Assignment:
Could you give the entries back exactly as they stand, minus any pictures?
Dataset excerpts START
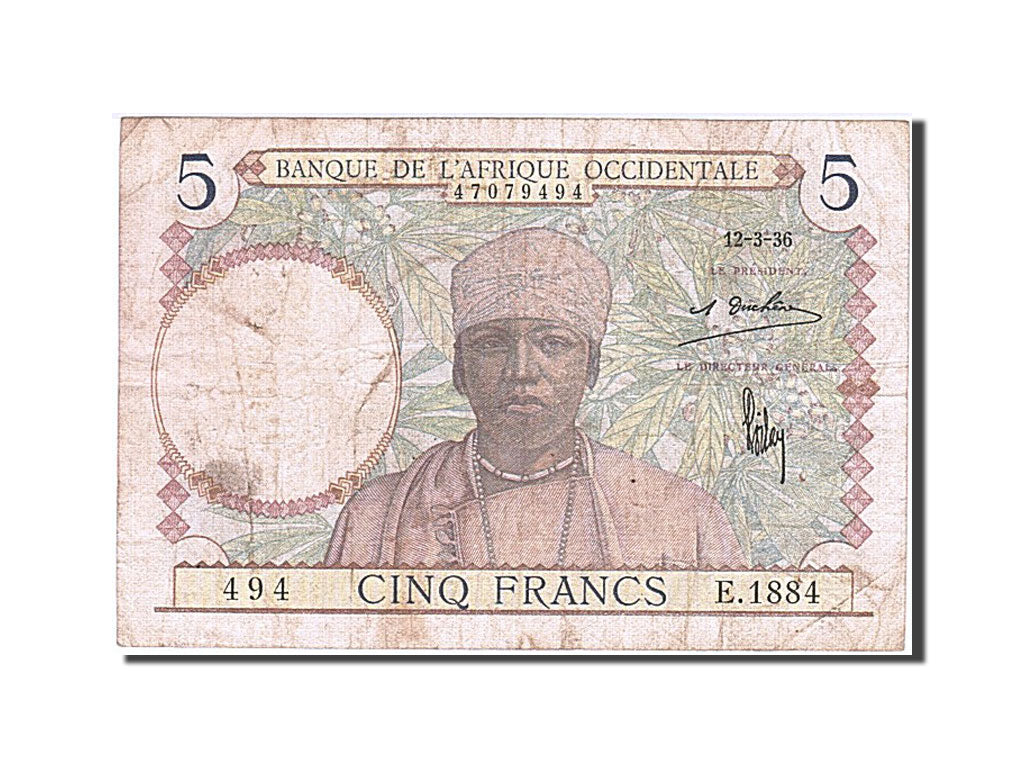 French West Africa, 5 Francs, 1936, KM #21, 1936-03-12, VF(30-35), E.1884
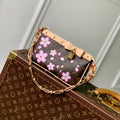 LOUIS VUITTON POCHETTE ACCESSOIRES 22 IN BROWN MONOGRAM CANVAS CHERRY BLOSSOM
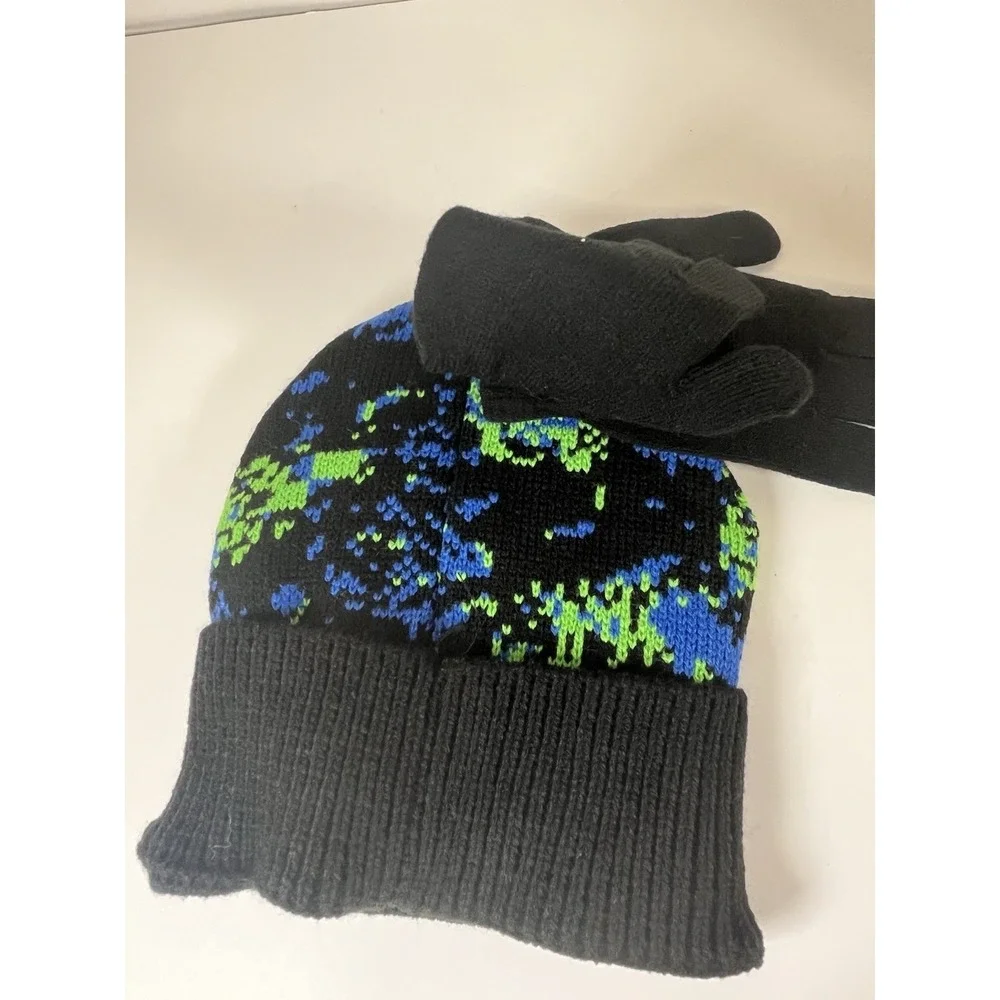 Boys Dinosaur Hat & Gloves Set Green Blue Black‎ Beanie Winter NEW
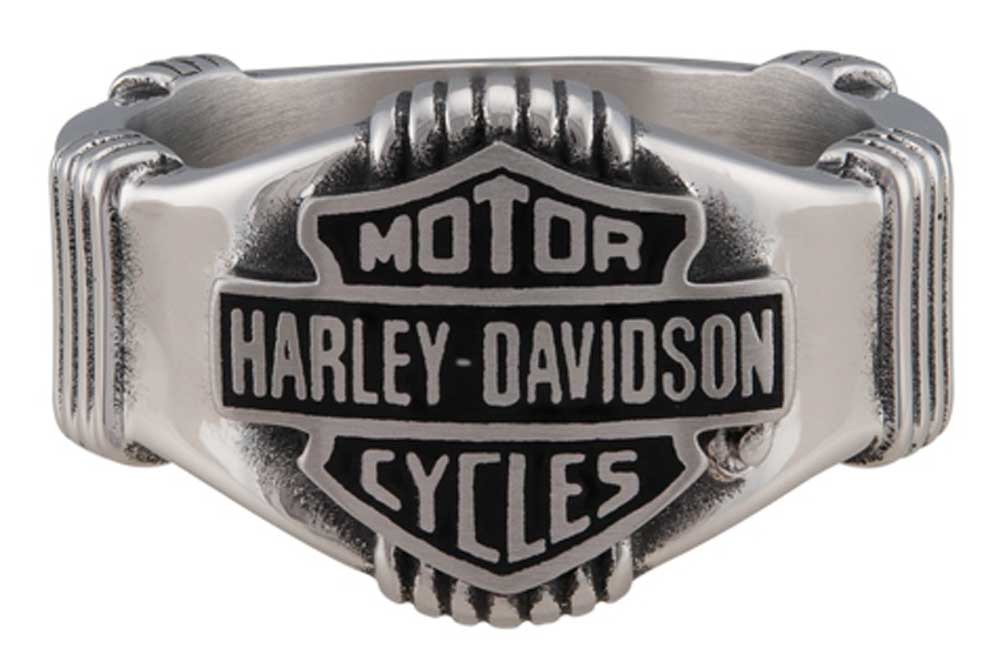 Harley-Davidson® Men's Nut & Coil Bar & Shield Ring Band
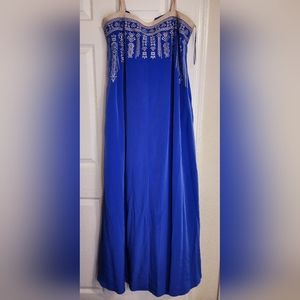 Jessica Simpson Blue Sleeveless Embroidered Maxi Dress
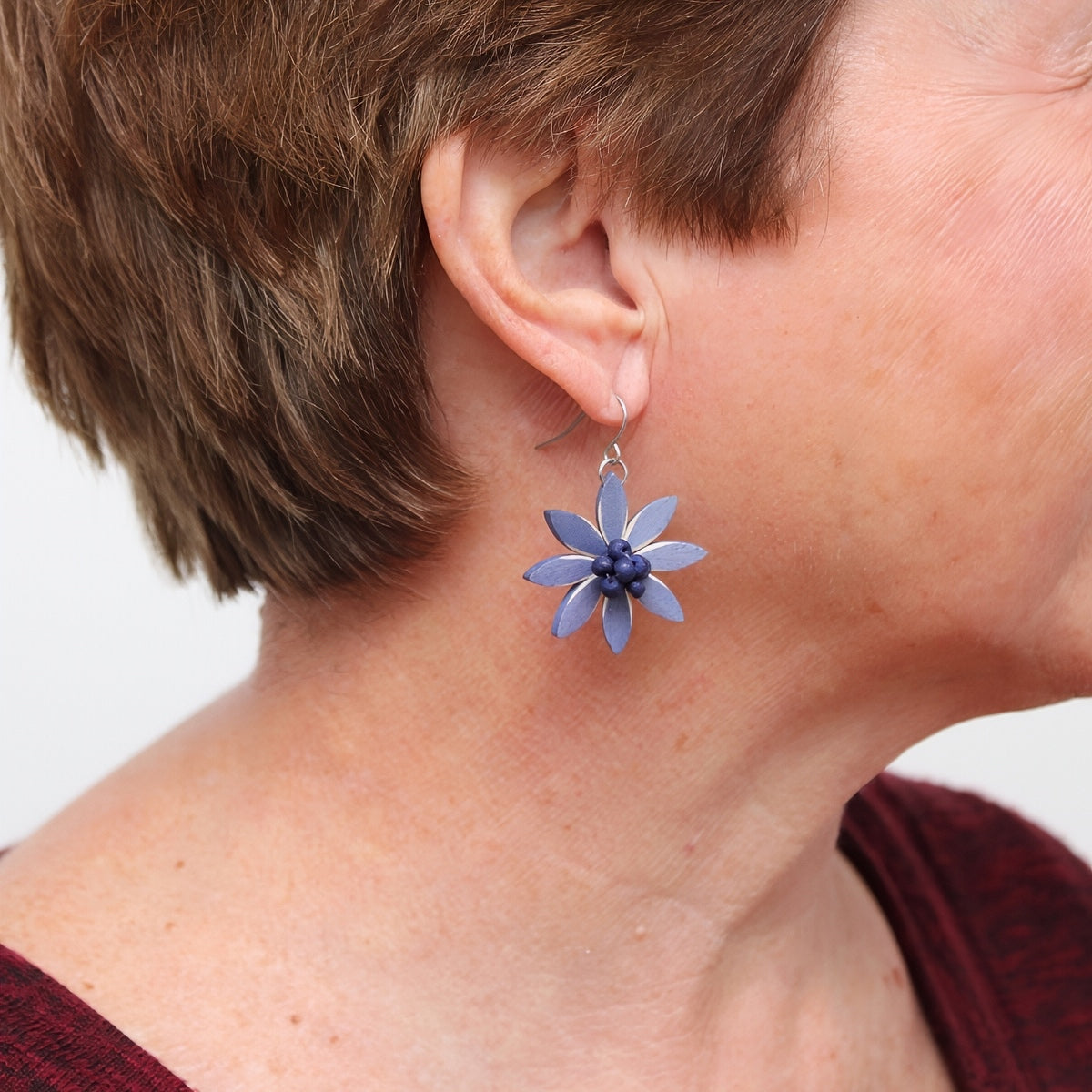 Purple Amaya Flower Earrings - Sylca Designs - Chunky Jewelry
Dataset excerpts END
Reply to the exercise:
 French West Africa, 5 Francs, 1936, KM #21, 1936-03-12, VF(30-35), E.1884
 LOUIS VUITTON POCHETTE ACCESSOIRES 22 IN BROWN MONOGRAM CANVAS CHERRY BLOSSOM
 Boys Dinosaur Hat & Gloves Set Green Blue Black‎ Beanie Winter NEW
 Harley-Davidson® Men's Nut & Coil Bar & Shield Ring Band
 Jessica Simpson Blue Sleeveless Embroidered Maxi Dress
 Purple Amaya Flower Earrings - Sylca Designs - Chunky Jewelry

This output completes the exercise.